In a two dimensional curl what does the number you get represent? As for example let the field be $\mathbf{F} = \langle -y,x\rangle$.  When I do the math I get $2$!  But $2$ what ?   One source says it measure "twice the angular speed" because we are measuring unit angular speed" .  I assume $2$ is a number that applies to only this particular example... then what happens with other examples? Is it possible to have $4$,$5$, $6$ and is that then $4$,$5$, $6$ times the angular speed because we are measuring unit angular speed?  Any help is appreciated. I have also another example $G= <x,x>$and the Curl = $1$. 
Now if the curl represents a direction , let's assume this and we place it in the context of the $3$ dimensional curl then since the direction is perpendicular to the plane of the forces causing the spin, how can the spin be in the plane when the force is pointing up? 
 A: Actually, it's always twice (2 times) the angular velocity close to the point, in the sense that if you put a very tiny pinwheel/paddle/rudder/whatever at a point $(x,y)$ in a fluid flowing according to $\langle F_1,F_2\rangle$, then it will spin at counter-clockwise angular velocity equal to one half the scalar curl. To address your other question about the direction of the vector curl pointing up out of the plane, that represents the direction of rotation of the pinwheel via the right hand rule.
You can find a thorough explanation about this and more at these notes by professor emeritus Jeffery Cooper, but I personally prefer the diagram/explanation at this MathInsight page. I think this diagram from mathinsight is particularly useful for thinking about this: 

The scalar curl $(F_2)_x-(F_1)_y$ is approximately $\dfrac{F_2\text{(right)}-F_2\text{(left)}}{\text{diameter of circle}}-\dfrac{(F_1\text{(top)}-F_1\text{(bottom)})}{\text{diameter of circle}}$. 

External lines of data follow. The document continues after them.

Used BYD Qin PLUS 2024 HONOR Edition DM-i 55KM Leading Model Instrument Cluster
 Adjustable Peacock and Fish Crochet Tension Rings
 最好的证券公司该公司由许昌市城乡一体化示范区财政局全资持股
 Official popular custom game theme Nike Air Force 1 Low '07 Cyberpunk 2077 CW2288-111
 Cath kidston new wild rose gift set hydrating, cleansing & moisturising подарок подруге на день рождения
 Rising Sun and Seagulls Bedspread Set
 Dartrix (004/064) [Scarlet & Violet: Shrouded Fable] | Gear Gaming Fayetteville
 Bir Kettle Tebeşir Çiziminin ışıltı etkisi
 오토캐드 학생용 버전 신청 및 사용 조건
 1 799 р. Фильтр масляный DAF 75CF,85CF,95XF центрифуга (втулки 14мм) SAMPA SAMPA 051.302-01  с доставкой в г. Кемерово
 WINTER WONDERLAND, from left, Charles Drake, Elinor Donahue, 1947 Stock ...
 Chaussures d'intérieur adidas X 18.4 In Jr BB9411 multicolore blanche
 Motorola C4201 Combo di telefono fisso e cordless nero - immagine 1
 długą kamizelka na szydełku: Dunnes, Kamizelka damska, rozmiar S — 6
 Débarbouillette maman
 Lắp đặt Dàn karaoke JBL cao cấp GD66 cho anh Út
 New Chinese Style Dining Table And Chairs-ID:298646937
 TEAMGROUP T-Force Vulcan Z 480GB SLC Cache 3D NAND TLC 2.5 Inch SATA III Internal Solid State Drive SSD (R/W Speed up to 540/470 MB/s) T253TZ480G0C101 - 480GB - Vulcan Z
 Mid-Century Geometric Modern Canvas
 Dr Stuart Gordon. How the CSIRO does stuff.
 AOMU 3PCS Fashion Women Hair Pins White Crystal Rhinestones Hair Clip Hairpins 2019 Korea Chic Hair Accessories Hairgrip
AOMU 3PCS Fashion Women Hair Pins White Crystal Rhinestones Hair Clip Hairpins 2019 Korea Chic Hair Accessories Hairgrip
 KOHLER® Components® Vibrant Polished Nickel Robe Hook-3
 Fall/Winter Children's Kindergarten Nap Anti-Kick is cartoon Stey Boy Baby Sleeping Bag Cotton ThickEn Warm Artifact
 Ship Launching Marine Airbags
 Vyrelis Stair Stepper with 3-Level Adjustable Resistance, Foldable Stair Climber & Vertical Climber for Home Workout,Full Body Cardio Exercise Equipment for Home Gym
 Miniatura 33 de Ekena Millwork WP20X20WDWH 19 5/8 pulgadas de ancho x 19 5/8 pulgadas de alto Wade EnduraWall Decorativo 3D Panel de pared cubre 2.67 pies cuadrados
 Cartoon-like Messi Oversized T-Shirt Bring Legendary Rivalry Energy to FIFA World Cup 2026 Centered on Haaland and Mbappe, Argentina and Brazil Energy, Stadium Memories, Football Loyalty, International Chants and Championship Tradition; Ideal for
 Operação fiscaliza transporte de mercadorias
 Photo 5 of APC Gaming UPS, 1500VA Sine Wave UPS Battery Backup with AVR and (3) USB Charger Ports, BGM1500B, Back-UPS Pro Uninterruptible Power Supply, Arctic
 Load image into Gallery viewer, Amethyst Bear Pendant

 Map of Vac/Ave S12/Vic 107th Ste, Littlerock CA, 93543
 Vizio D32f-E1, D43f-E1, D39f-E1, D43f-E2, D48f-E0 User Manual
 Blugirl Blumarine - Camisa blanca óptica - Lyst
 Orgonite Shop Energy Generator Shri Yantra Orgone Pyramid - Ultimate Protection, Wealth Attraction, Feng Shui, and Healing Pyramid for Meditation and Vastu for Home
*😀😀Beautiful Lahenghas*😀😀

In a straightforward case like $\langle-7y,7x\rangle$ at the origin (think a pinwheel of radius $1$), we'd have a counterclockwise rotation of angular speed $7$ (because of how radians are defined), but $\dfrac{F_2\text{(right)}-F_2\text{(left)}-F_1\text{(top)}+F_1\text{(bottom)}}{\text{diameter of circle}}=\dfrac{7-(-7)-(-7)+7}{2}=\dfrac{7\cdot4}{2}=2\cdot7$.